Personal information
- Citizenship: Nepal
- Born: 1977 (age 48–49) Beding, Dolakha District, Nepal

Climbing career
- Known for: Formerly recognized fastest ascent of Mount Everest (rejected in 2017); Summited Mount Everest 21 times; Guinness World Record for "Most siblings to have climbed Everest", together with 7 of his siblings;

= Pemba Dorje Sherpa =

Nepalese Sherpa mountaineer

Pemba Dorje Sherpa (born 1977) is a Nepalese Sherpa mountaineer. He was formerly recognized as setting the record for the fastest ascent of Mount Everest.

==Climbing career==
He was born in the village of Beding in Rolwaling Valley, Dolakha District. According to The Himalayan Database, he made his first successful ascent of Mount Everest on 17 May 2000, at the age of 23.

===Record Everest ascent and following disputes===
On 23 May 2003, Pemba Dorje Sherpa set a record for the fastest ascent of Mount Everest. He started from Everest base camp at 5,350m and reached the summit in 12 hours and 45 minutes, over four hours faster than the previous record set in 2000 by Babu Chiri Sherpa (16 hours and 65 minutes). This record was broken just three days later by Lhakpa Gelu, who finished the ascent in 10 hours and 56 minutes.

The following year, Pemba Dorje claimed to have beaten the record with a new fastest ascent of Mount Everest, taking just 8 hours and 10 minutes on 21 May 2004. Once at the summit, Pemba Dorje established radio contact with the liaison officer at base camp and described items that had been left behind by other climbers the previous day, to prove his successful summit. However, there is no photographic evidence, nor are there any eyewitnesses that could confirm the record, as Pemba Dorje was climbing alone that day. Only his starting time at Everest base camp was clearly documented. The record was subsequently called into question by the previous record holder and other climbers. After an investigation, the record was officially confirmed by Ministry of Culture, Tourism and Civil Aviation in September 2005, and Pemba Dorje was recognized as the world record holder by Guinness World Records.

In 2013, previous record holder Lhakpa Gelu filed a case against Pemba Dorje at the Supreme Court of Nepal. In November 2017, the court ruled in favour of Lhakpa Gelu and ordered Pemba Dorje to be stripped of his record, citing lack of evidence. Pemba Dorje's record has since been revoked by the Nepal Ministry of Tourism and Guinness World Records and Lhakpa Gelu is formally recognized as having set the Everest speed record.

===Other achievements===
Between 2000 and 2021, Pemba Dorje Sherpa has reached the summit of Mount Everest 21 times, which places him in the list of people with most Everest ascents.

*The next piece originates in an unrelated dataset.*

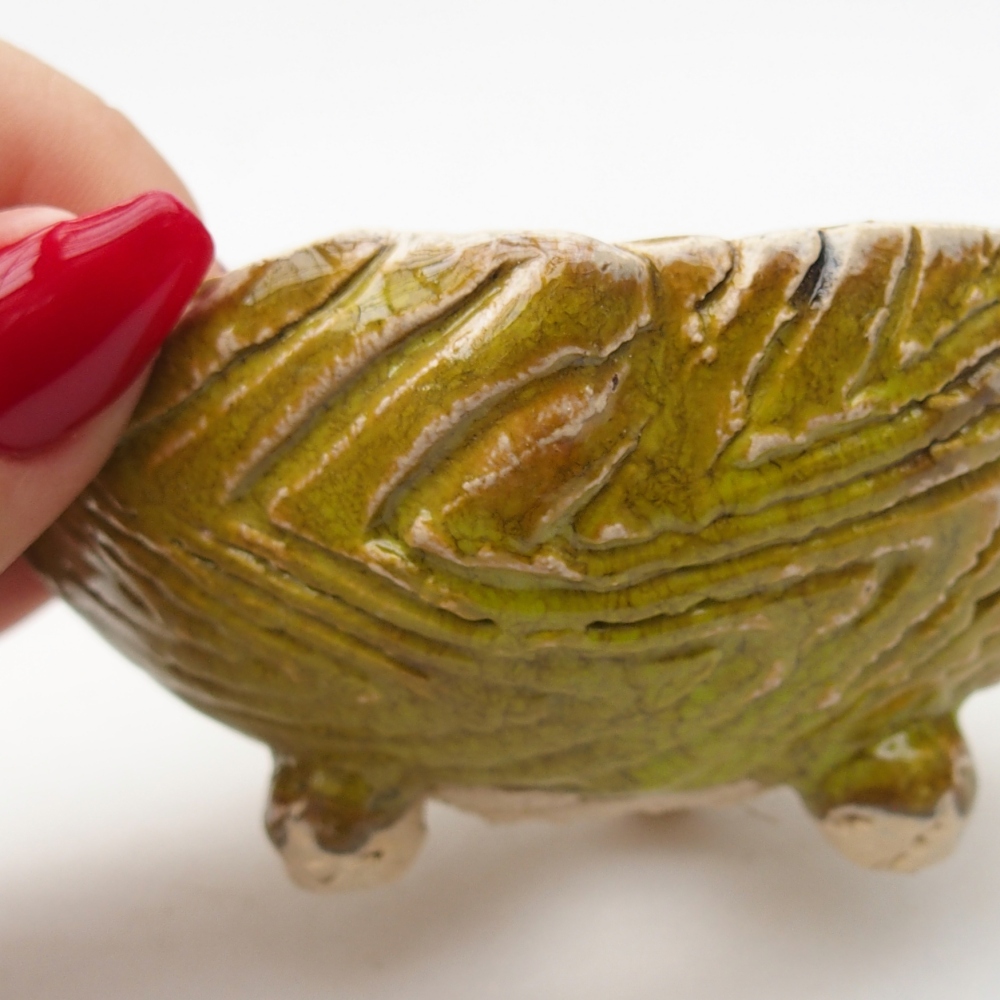 Ceramiczna skorupa 9 x 8,5 x 5 cm, żółta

Pemba Dorje Sherpa holds the world record for "Most siblings to have climbed Everest", together with seven of his siblings.

He has summited the eight-thousanders Lhotse and Manaslu.

He works in Nepal as a mountain porter and expedition coordinator on Mount Everest and other mountains. In 2021, he was part of the team that helped Hong Kong climber Ada Tsang Yin-Hung become the fastest women to climb Mount Everest in a record time of 25 hours and 50 minutes.